Feiten
- De man en [de vrouw] , hierna aangeduid als: “de vrouw”, zijn met elkaar gehuwd geweest van [huwelijksdatum] tot [echtscheidingsdatum] .
- Zij zijn de ouders van de volgende thans nog minderjarige kinderen:
- [minderjarige] , geboren op [geboortedatum] te [geboorteplaats] en
- [minderjarige] , geboren op [geboortedatum] te [geboorteplaats] .
- De minderjarigen zijn bij beschikking van 6 augustus 2015 onder toezicht gesteld van de gecertificeerde instelling Jeugdbescherming Regio Amsterdam met ingang van
6 augustus 2015 tot 6 augustus 2016. Deze beschikking is bij beschikking van het Gerechtshof Amsterdam d.d. 26 januari 2016 bekrachtigd.

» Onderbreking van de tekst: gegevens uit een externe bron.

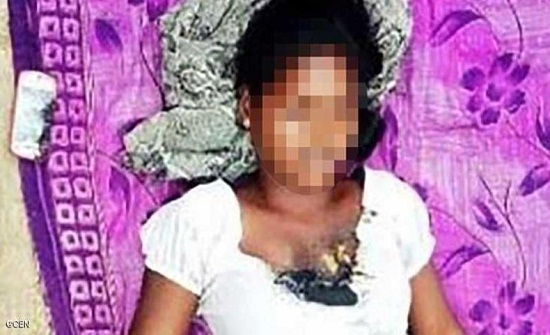 انفجار هاتف محمول بوجه فتاة يودي بحياتها انفجار هاتف محمول بوجه فتاة يودي بحياتها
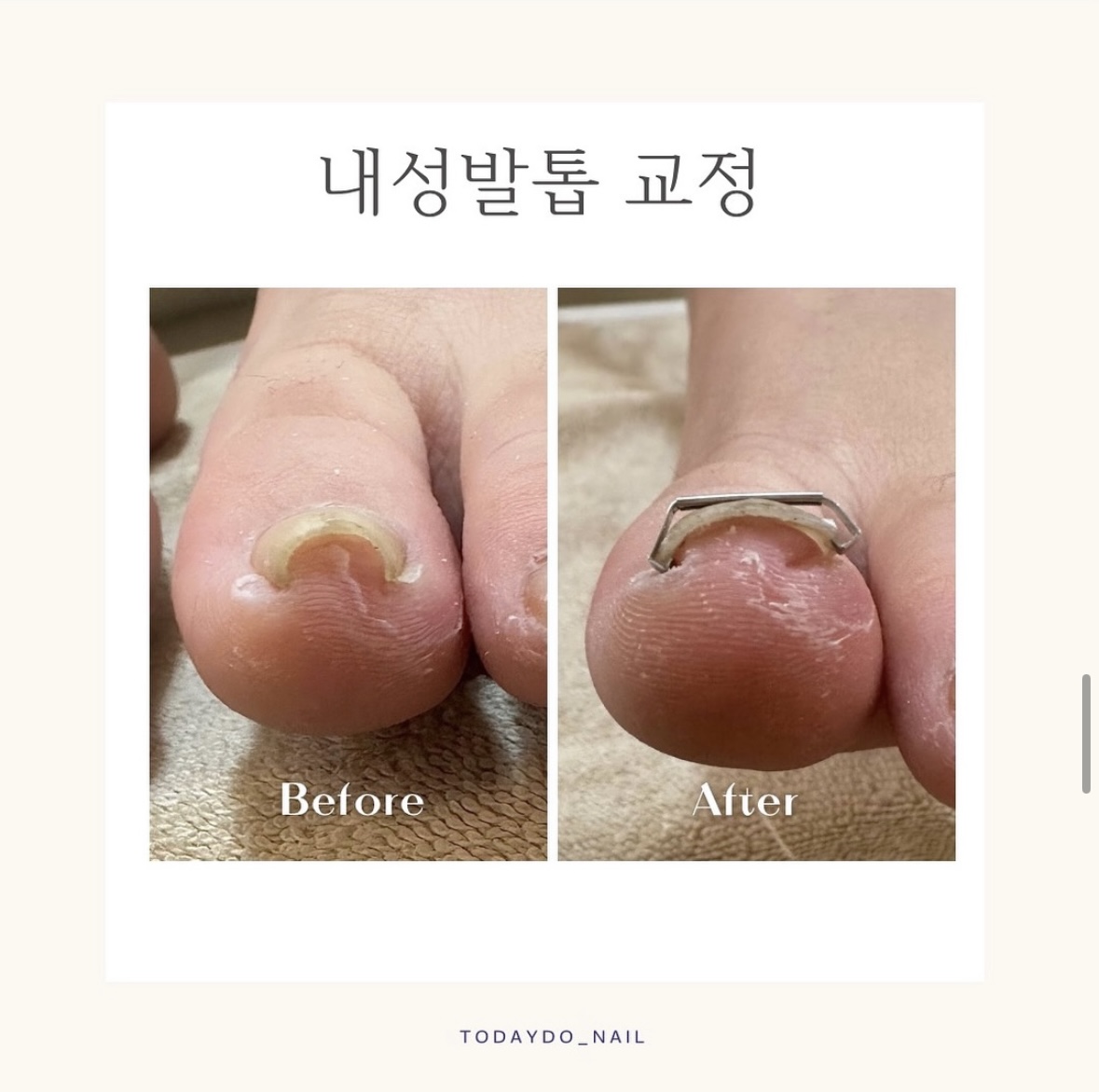 오늘도네일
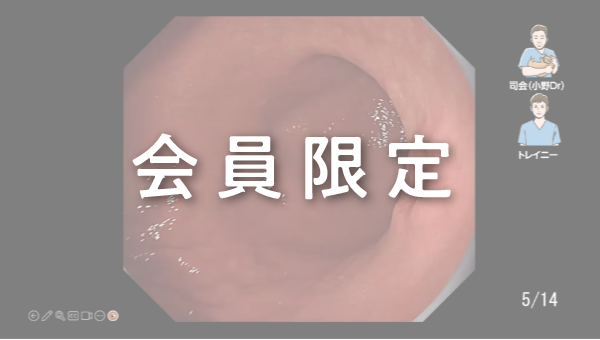 Case 041 胃 体部小弯 陥凹性病変 サムネール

- Bij beschikking van de rechtbank Noord-Holland d.d. 13 januari 2016 is, onder meer, op verzoek van de vrouw het gezamenlijk gezag tussen de ouders beëindigd en is bepaald dat het eenhoofdig gezag over de minderjarigen toekomt aan de vrouw. Deze beschikking is uitvoerbaar bij voorraad verklaard.

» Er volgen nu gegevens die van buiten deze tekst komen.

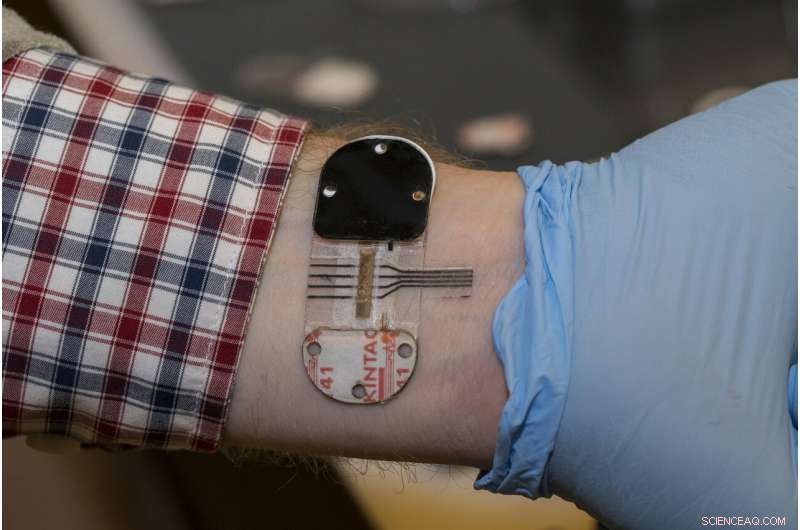 Sweat-Based Sensors Offer Promising Noninvasive Health Monitoring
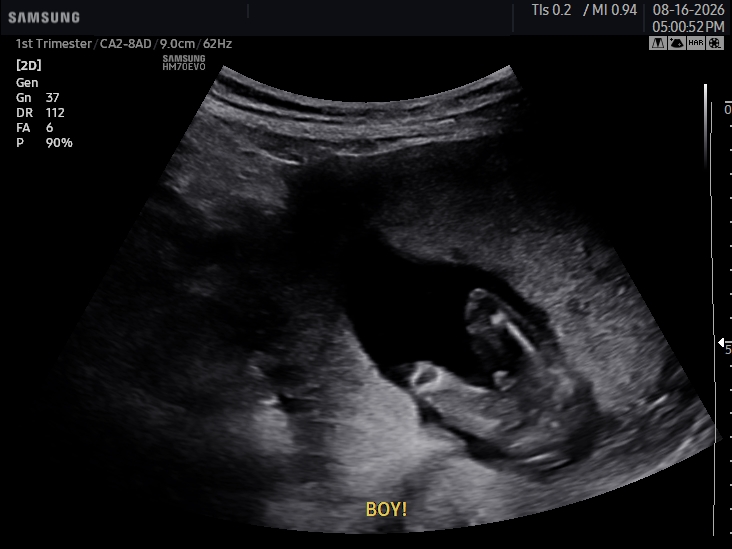 2D ultrasound image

- Bij uitspraak van het Gerechtshof Amsterdam d.d. 26 april 2016 is de door de man verzochte schorsing van de werking van de gezagsbeschikking voor de duur van het geding afgewezen.

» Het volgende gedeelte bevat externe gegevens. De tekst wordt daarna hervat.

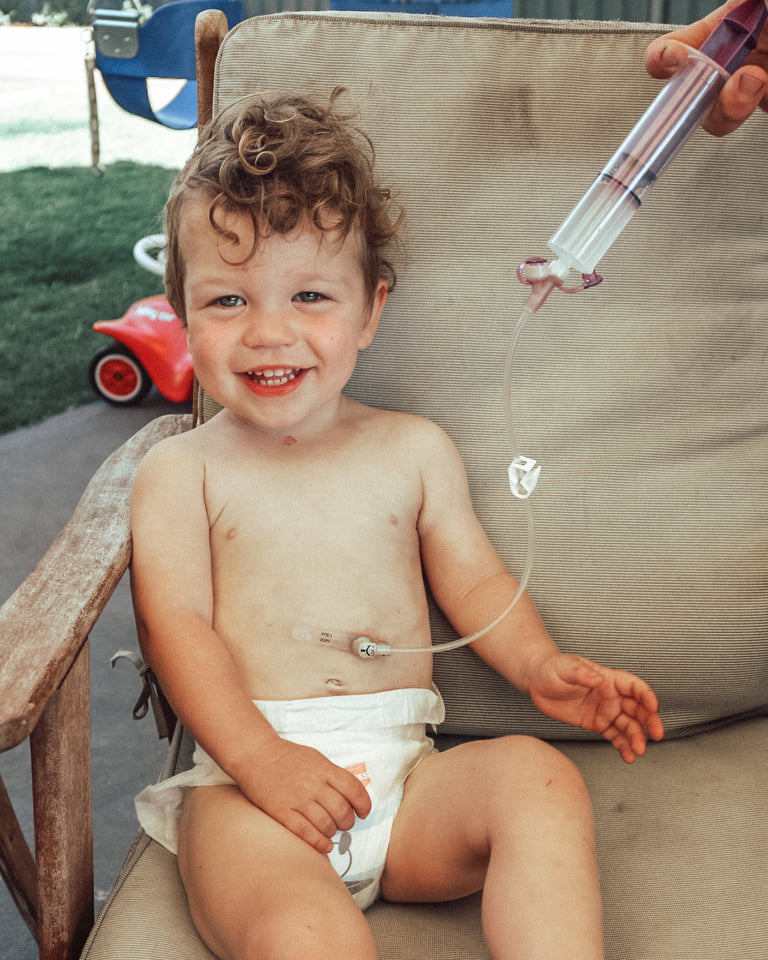 A toddler is sitting on an outdoors chair. He has messy, curly hair and is smiling. He is being tube-fed. 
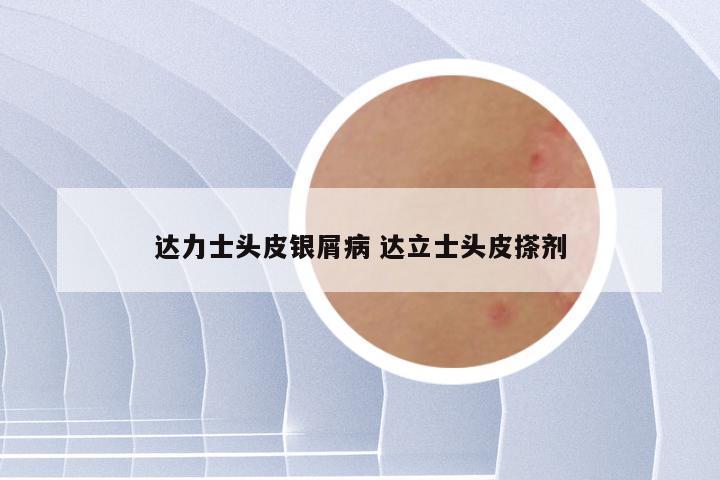 达力士头皮银屑病 达立士头皮搽剂
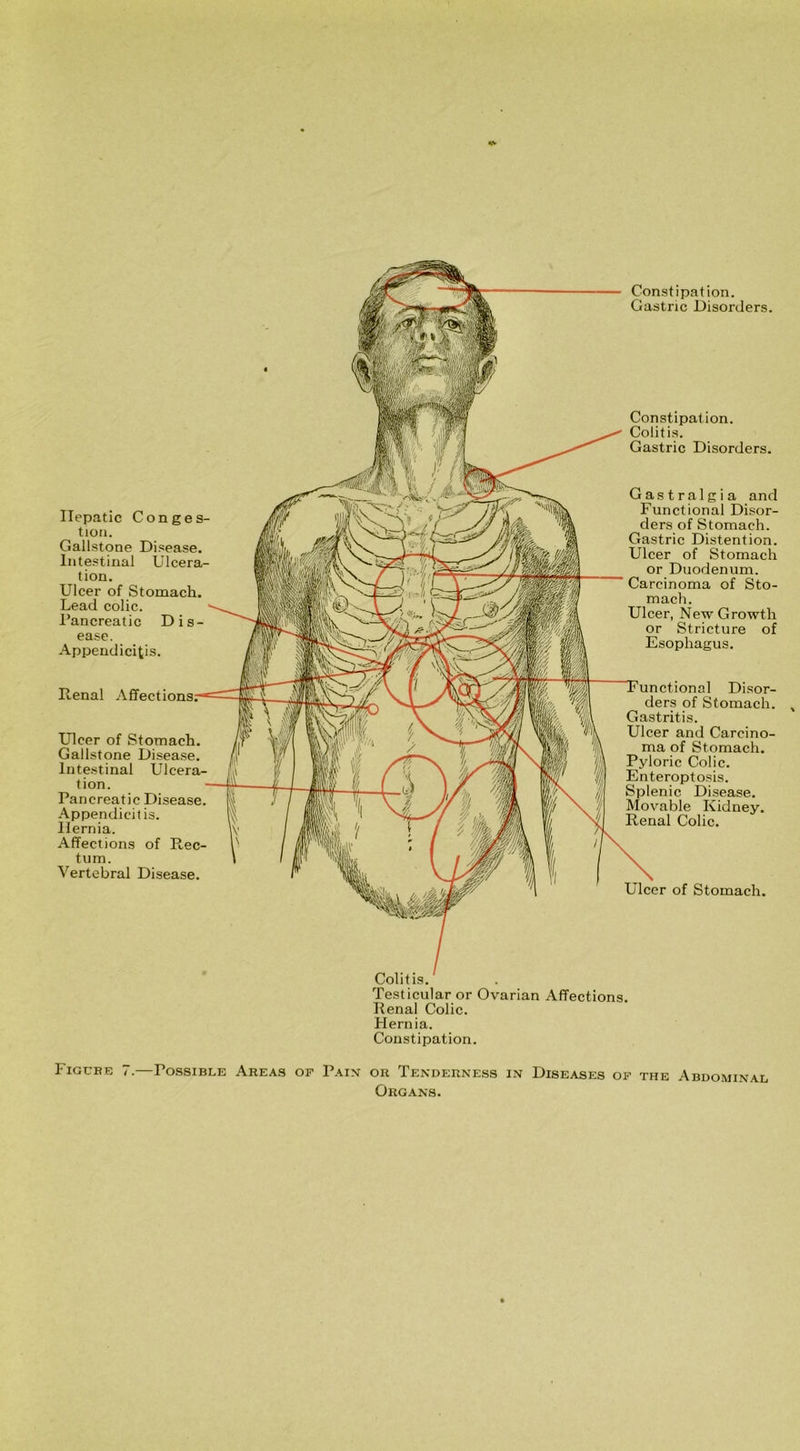 Gastric Disorders. Colitis. Testicular or Ovarian Affections. Renal Colic. Hernia. Constipation. Hepatic Conges- tion. Gallstone Disease. Intestinal Ulcera- tion. Ulcer of Stomach. Lead colic. Pancreatic Dis- ease. Appendicitis. Renal I Ulcer of Stomach. Gallstone Disease. Intestinal Ulcera- tion. Pancreatic Disease. Appendicitis. Hernia. Affections of Rec- tum. Vertebral Disease. Constipation. Colitis. Gastric Disorders. Gastralgia and Functional Disor- ders of Stomach. Gastric Distention. Ulcer of Stomach or Duodenum. Carcinoma of Sto- mach. Ulcer, New Growth or Stricture of Esophagus. al Disor- ders of Stomach. Gastritis. Ulcer and Carcino- ma of Stomach. Pyloric Colic. Enteroptosis. Splenic Disease. Movable Kidney. Renal Colic. Ulcer of Stomach. Figure 7.—Possible Areas of Pain or Tenderness in Diseases of the Abdominal Organs.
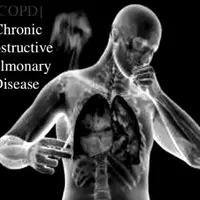 Хроническая обструктивная болезнь легких. Заживление и регенерация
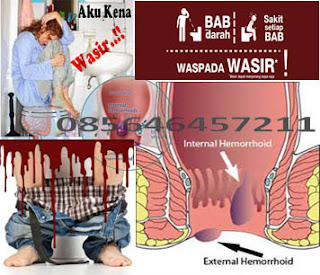 Obat Tradisional Radang Wasir (Hemoroid) Eksternal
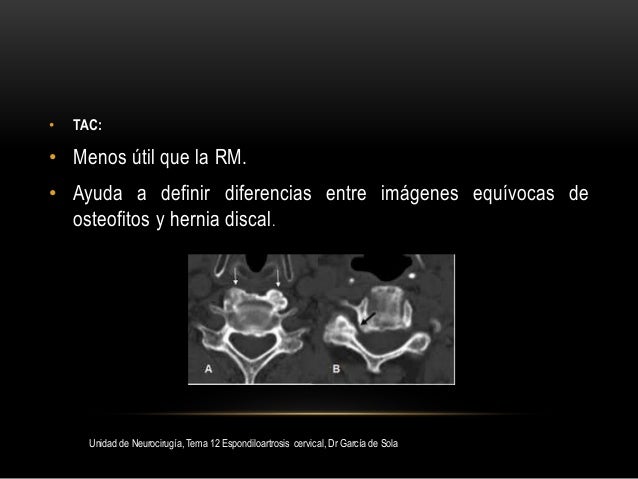 Por qué bolyat los pies a la osteocondrosis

- De vrouw is omstreeks 23 juni 2016 met de minderjarigen naar Australië vertrokken.
- Bij beschikking d.d. 21 juli 2016 van de rechtbank Noord-Holland is de ondertoezichtstelling over de minderjarigen verlengd tot 6 augustus 2017.
- Bij vonnis in kort geding van de voorzieningenrechter van de rechtbank Noord-Holland van 29 juli 2016 is de uitvoerbaarverklaring bij voorraad van de beschikking van 13 januari 2016 van de rechtbank Noord-Holland geschorst. Tevens is bepaald dat de minderjarigen voorlopig, totdat anders zal zijn beslist, aan de man zullen worden toevertrouwd en is de vrouw veroordeeld om hen aan de man af te geven.
- De man heeft op 3 augustus 2016 bij de rechtbank Den Haag een verzoekschrift tot wijziging gezag ingediend, in dier voege dat de man met het eenhoofdig gezag over de minderjarigen wordt belast.
- De man heeft zich op 29 augustus 2016 gewend tot de Centrale autoriteit met een verzoek tot teruggeleiding van genoemde kinderen.
- Bij beschikking van 2 september 2016 heeft de Centrale autoriteit beslist dat zij het verzoek van de man niet in behandeling kan nemen.
- Bij vonnis in kort geding van de rechtbank Noord-Holland van 20 oktober 2016 is – onder meer – de man niet-ontvankelijk verklaard in zijn vordering tot schorsing van de vrouw in de uitoefening van het ouderlijk gezag en is de vrouw veroordeeld al het nodige te doen en haar volledige medewerking te verlenen om te bewerkstelligen dat de minderjarigen binnen een week na datum van de uitspraak in de macht van de man zullen worden gebracht.
- Het hoger beroep tegen de beschikking van de rechtbank Noord-Holland van 13 januari 2016 (bodemprocedure) is op 26 oktober 2016 ter zitting van het Gerechtshof Amsterdam behandeld. Het Gerechtshof Amsterdam zal naar verwachting eind november 2016 uitspraak doen.